- _RECORDS SHOWN_:
*** Block opens ***

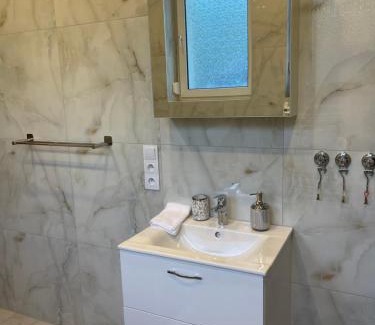 gmina Dabrowa Appartement | Apartament Mechnice koło Opola
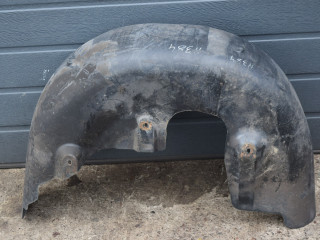 защита арок задняя правая (подкрылок) Volvo XC70 2 поколение 2002, 2.5 л., Ti, B 5254 T2, бензин, МКПП, универсал, полный подключаемый привод, 8650276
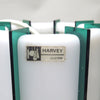 Suspension blanc/vert Harvey Guzzini Années 70 Suspension blanc/vert Harvey Guzzini Années 70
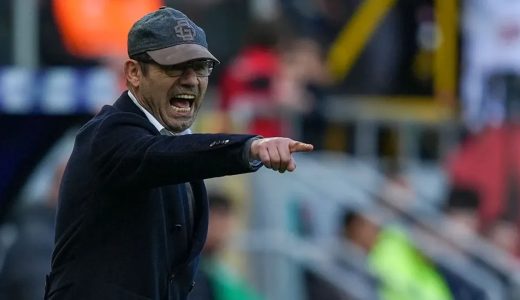 103 Yıllık Tarihinde İsim Değişikliği Yaparak Teknik Direkt&ouml;r&uuml;n&uuml; Kovdu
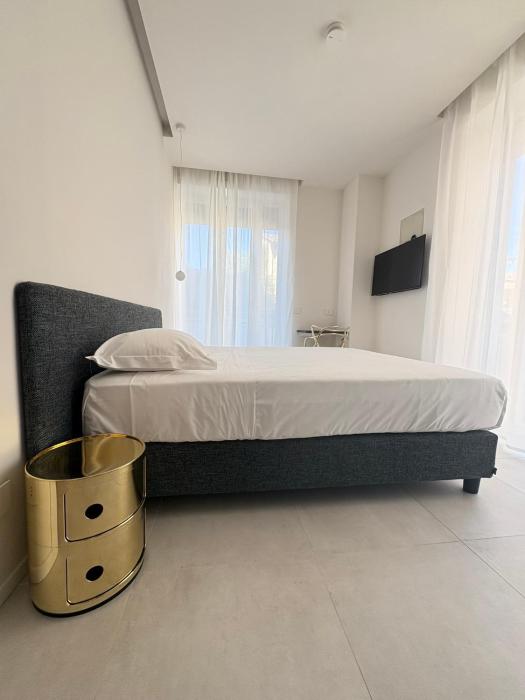 Ruffini Boutique Rooms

*** Block closes ***

- _WORK REQUIRED_:
Please copy the data above character for character, skipping any pictures.

- _ANSWER AREA_:
 gmina Dabrowa Appartement | Apartament Mechnice koło Opola
 защита арок задняя правая (подкрылок) Volvo XC70 2 поколение 2002, 2.5 л., Ti, B 5254 T2, бензин, МКПП, универсал, полный подключаемый привод, 8650276
 Suspension blanc/vert Harvey Guzzini Années 70 Suspension blanc/vert Harvey Guzzini Années 70
 103 Yıllık Tarihinde İsim Değişikliği Yaparak Teknik Direkt&ouml;r&uuml;n&uuml; Kovdu
 Ruffini Boutique Rooms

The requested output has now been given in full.